DAISY COOK

 

Daisy Cook is a British painter of landscape and still life.
 
Cook creates abstracted paintings that take landscape and still life their subject without being explicitly topographical.There is a subtlety of surface and depth, texture and light. Her landscapes are quiet and contemplative interpretations of natural environments and her interiors are equally as experiential, created by dragging, dripping and pouring oil paint that is rich in earth pigments. In all her work, Cook looks for new methods to build tensions between shapes, with the paintings made slowly and revealing themselves over time. Some areas are ambiguous and veiled, others clear and sharp.
 
'Through a suggestion of silvery clouds and mudflat she evokes a littoral: not a specific view or portrait of a place, but a larger statement about this type of country as a habitat for the spirit, a place where the imagination may soar. Photographs are used as reference, but the key energy of these paintings resides in Cook's singular ability to recognize and identify the extraordinary in the ordinary. Her particular quality of recognition breathes through her images, animating them. Intuition and chance play their part, but they would be inert without the guiding principle of the artist's vision.’
Andrew Lambirth (excerpt)
 
Cook's works are in the collection of the Bank of England, Heckfield Place; La Caixa Bank; Majorca One Aldwych; Manhattan Loft Corporation; The Great Eastern Hotel; Hoffman Investment Management; and the Royal Free Hospital, London. Her work has been shown at the Royal Academy, Mall Galleries, Pump House Gallery, Beaux Art London, Sladers Yard,Bridport ,Sibyl Colefax and John Fowler and Berkeley Square.
 
OLIVIA HORLEY
 

“They arrest from a hectic world something that is held and stilled. They express the breadth of our humanity,” she says, “from daily grind to ritual and feast. They are humbly our most essential artefact, carrying water, quietly there first thing in the morning, last thing at night.”
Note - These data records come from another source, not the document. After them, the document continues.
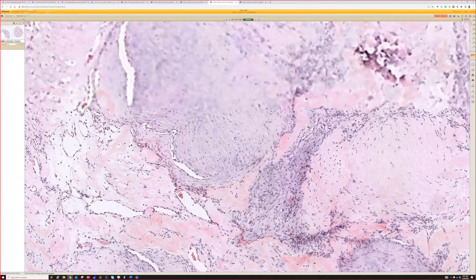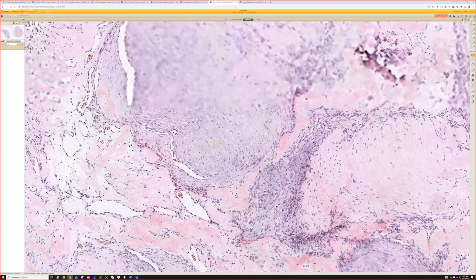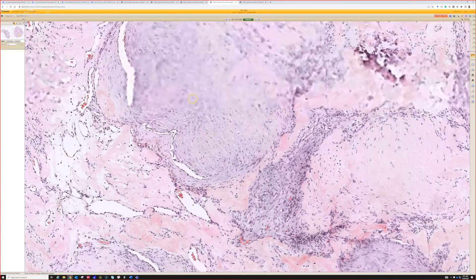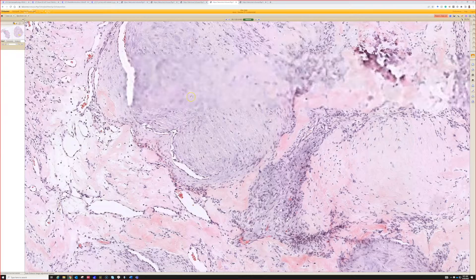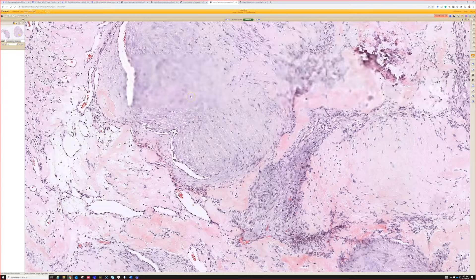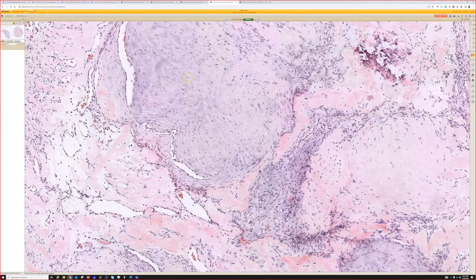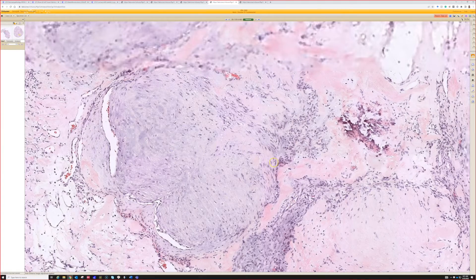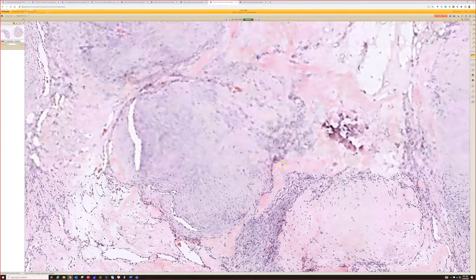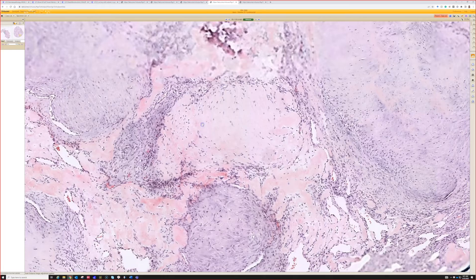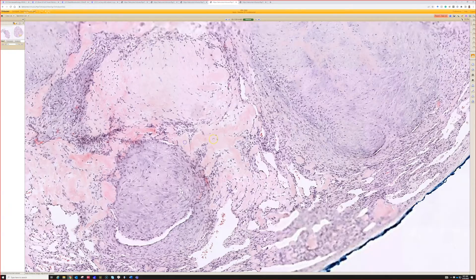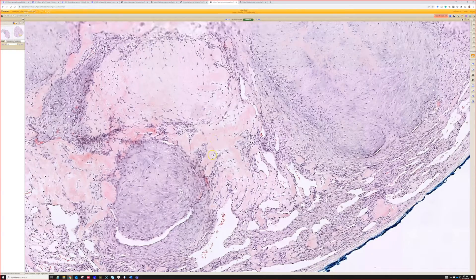You can see it here also, kind of bulging and growing into these crescent shaped vascular channels. So what did you think this was? Myofibroma. Yeah, very good, this is a myofibroma.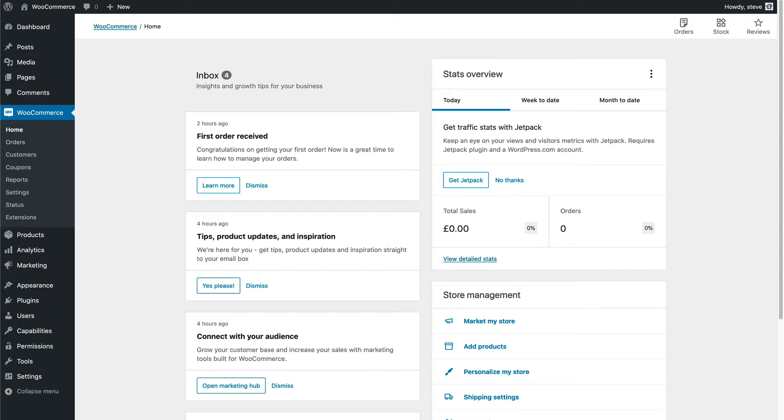One PublishPress user asked us if it was possible to allow a WordPress user to edit only a single WooCommerce product. The answer to that is yes, with the PublishPress plugins.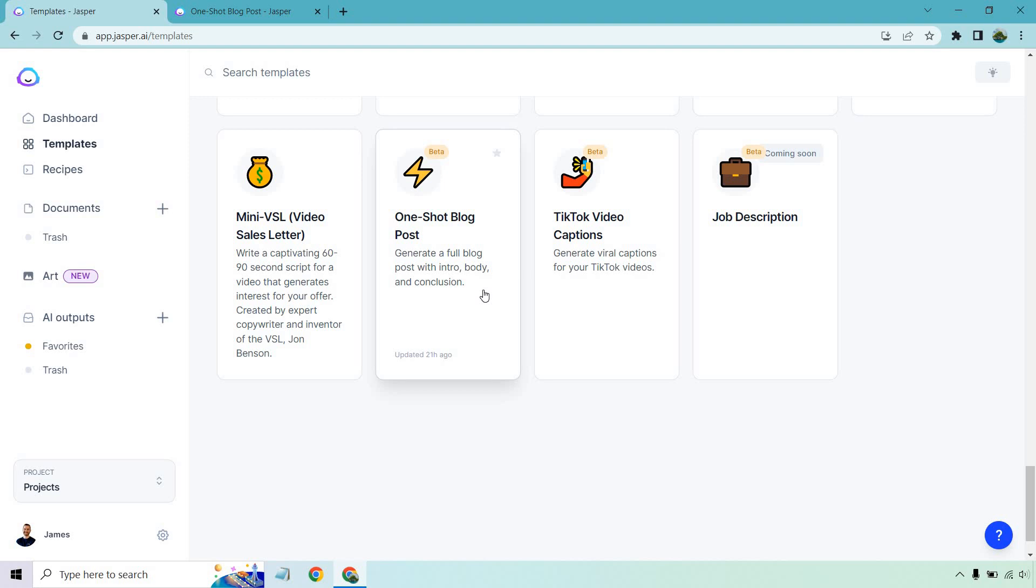If you'd like to follow along or just try it yourself, I will leave a link down below in the description. Not only can you get a free trial for Jasper, you get many bonus words to go along with it. Let's begin.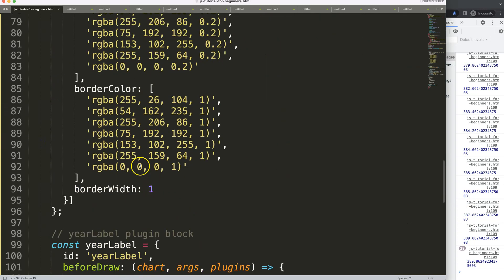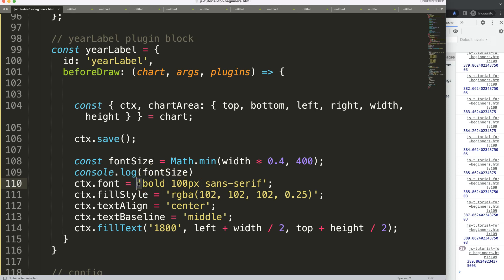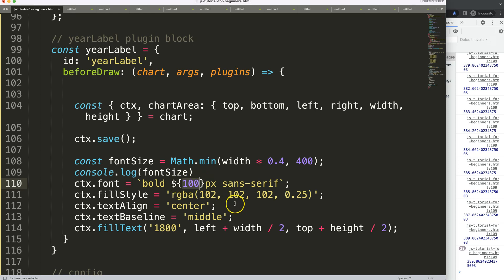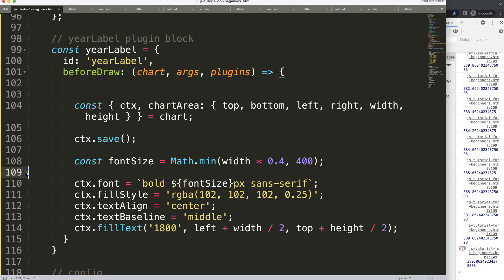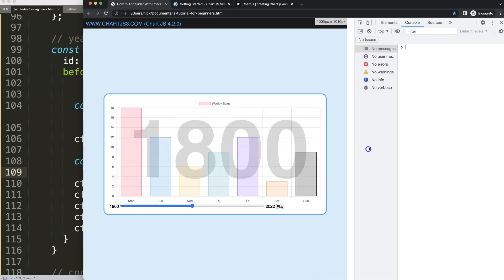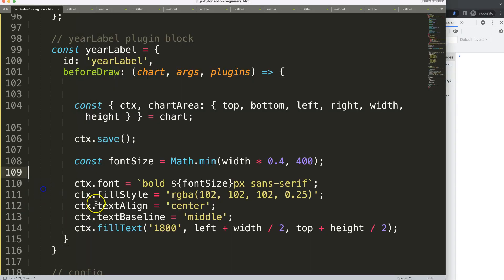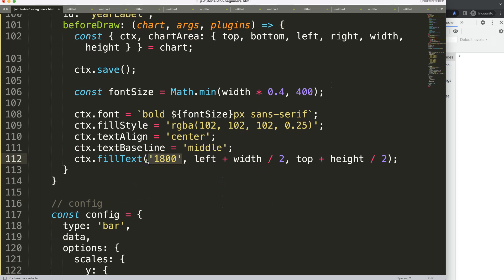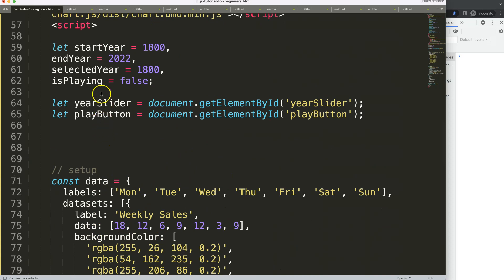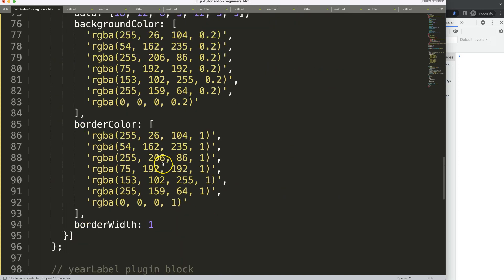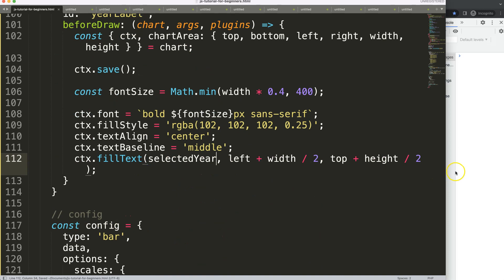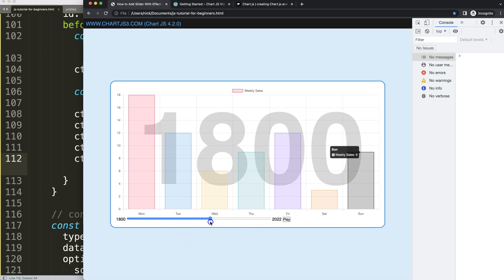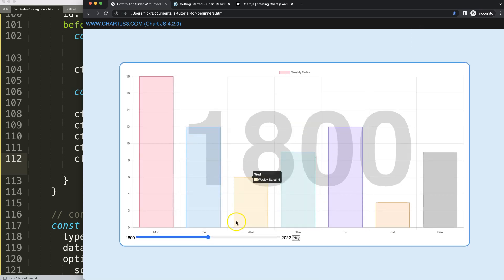To make the font size truly dynamic in the font string, I'll use a template literal with backticks. The fontSize variable goes in as a template expression — dollar sign curly braces. Save, refresh — there we are. As I move the chart it scales nicely. Now for the text value, instead of hardcoded 1800, I'll put in 'selectedYear', which will eventually change when we press play or move the slider.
She has always wanted to make quiet, beautiful pots that could be used daily and bring comfort.

Horley grew up around pottery. A French studio potter lived on her family’s farm, and she would watch him throw from a young age. Handmade pottery was part of daily life: the Mexican Pueblo ware from her mother’s childhood, Danish pieces collected by her parents, Limoges from her grandfather. Her grandparents were artists, and at the Steiner school she attended, making by hand – something the Steiner movement believes connects us to humanity – was taken very seriously. After art school and studying painting, she worked in the art world for many years before a degree in ceramics beckoned, followed by an apprenticeship with Edmund de Waal.

Stillness, serenity, the shaping of silence found in the slowness of things made by hand, are key to Horley’s practice. So, too, is the idea of opposite forces meeting: stillness and gesture, the industrial and the handcrafted, softness and precision.